Please look at the animation. Play around with it - use the checkbox list on the right to highlight other specific countries. Get a sense of what the data is actually DOING before you claim it's a random fluctuation.

A random walk WOULD be susceptible to cherry-picking - the trend would only show up if you pick certain time ranges or certain sets of countries.

This is not that.

(Given current trends, the world population would not double again - it would stop growing short of that.)


> You're making a common statistical error

You are the one that said things are worse compared to 1932. You don't get to have your cake and eat it.


> You are the one that said things are worse compared to 1932.

And they are -- much worse. More incidents in an absolute sense, and more incidents per capita.


>> You are the one that said things are worse compared to 1932.

> And they are -- much worse. More incidents in an absolute sense, and more incidents per capita

Except that there are almost certainly fewer incidents per capita compared to 1932. 1932 was near a local maximum in terms of violence rates in the US; currently we are near a local minimum. (The current homicide rate is less than half what it was in 1932.)


> Except that there are almost certainly fewer incidents per capita compared to 1932.

No, not if a reasonable moving average is performed. And per capita modifies the logic in a way that reduces the importance of population, when my point is the size of that population.

Here's a small interval graph that shows an increase per capita since 1960:

http://en.wikipedia.org/wiki/Crime_in_the_United_States#Crim...

Another graph that shows the same trend:

http://www.utahfoundation.org/img/briefs/2008_08_crime_fig4....

The above graph shows the risk of using too short a sampling interval. If you sample on the interval 1990 to the present, crime appears to have gone down. If you sample from 1960 or any longer intervals to the present, per capita crime has certainly increased.


> If you sample on the interval 1990 to the present, crime appears to have gone down. If you sample from 1960 or any longer intervals to the present, per capita crime has certainly increased.

How about instead of SAMPLING, and without performing any sort of "moving average", you just SHOW the homicide rate, and do so over a range wide enough to INCLUDE 1932. Can you do that?

If you do that, I think you will find that you are wrong about this - the homicide rate today is lower than it was in 1932. Because there was a huge peak around the 1930s PRIOR TO the relatively low point in the 1950s.
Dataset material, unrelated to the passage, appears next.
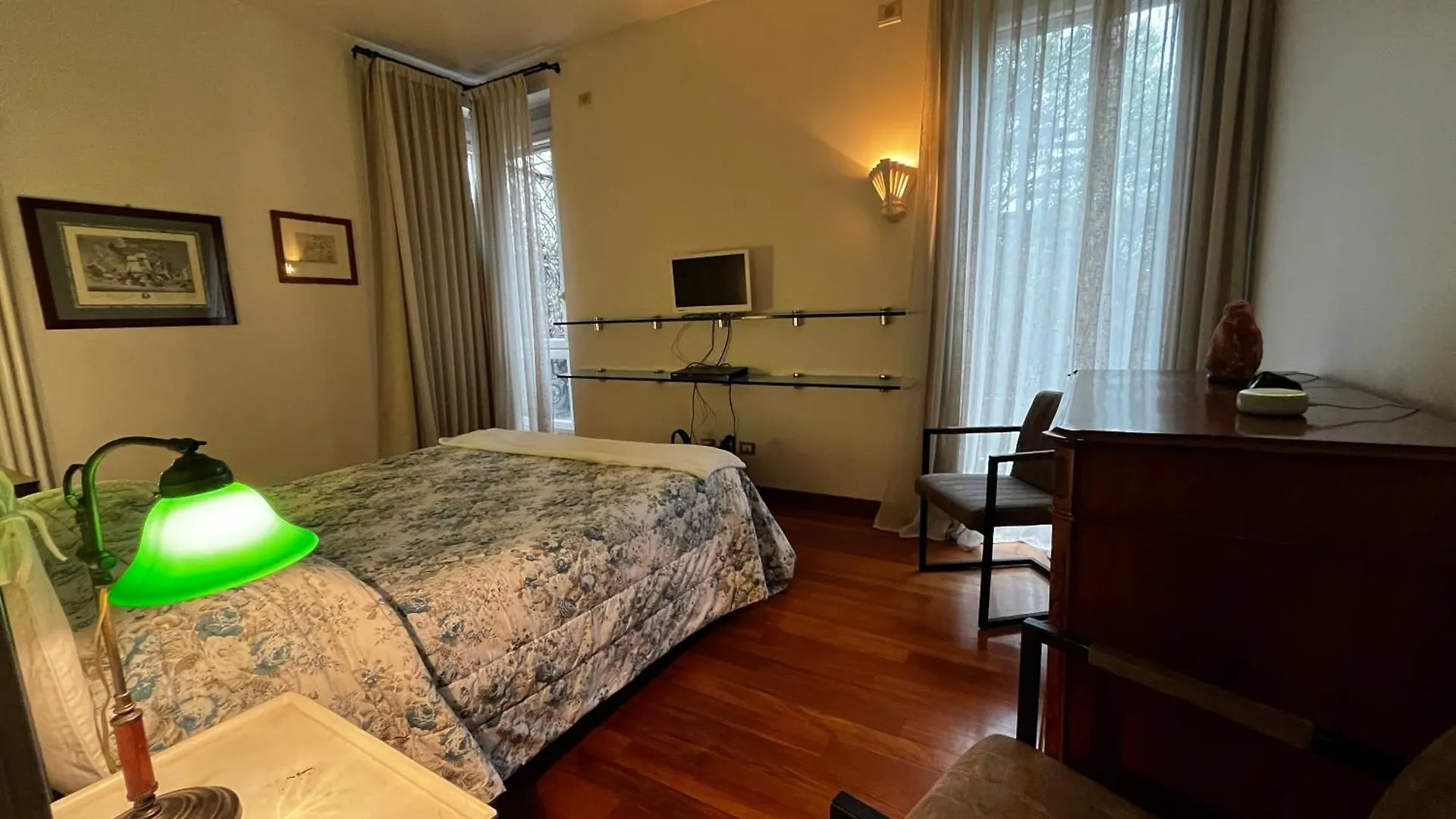 Charme Skyline Brothers Suite Milan 0*,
I don't see much point in applying "a reasonable moving average" since the underlying trend is pretty smooth, but if you did, say, a 5-year moving average it would STILL be lower today than in 1932.


> How about instead of SAMPLING, and without performing any sort of "moving average", you just SHOW the homicide rate ...

The answer is simple -- it serves no purpose. If the point is to establish historical trends, and in particular if it's desirable to create a future trend line, the first thing to do is avoid the classic mistake of examining the raw data. (This is true in climate studies also, for the same reasons.)

In this case, a moving average meant to confirm or refute the thesis that crime rates are higher now than in the past, is best conducted with a long interval. Such an interval shows that crime per capita is much, much higher now than it was in the past, along with population (which also fluctuates over time).

The 1930s were a historical anomaly -- the Great Depression (an increased level of social upheaval and desperation), and prohibition coming to an end (which meant that gangsters had to think of a new way to make a living), arriving at once, make it unrepresentative. Any statistician hoping to establish social trends would treat that period as an obstacle to producing a meaningful trend line.

> I don't see much point in applying "a reasonable moving average"

Yes, I got that. And I won't be likely to successfully explain to you why it's needed.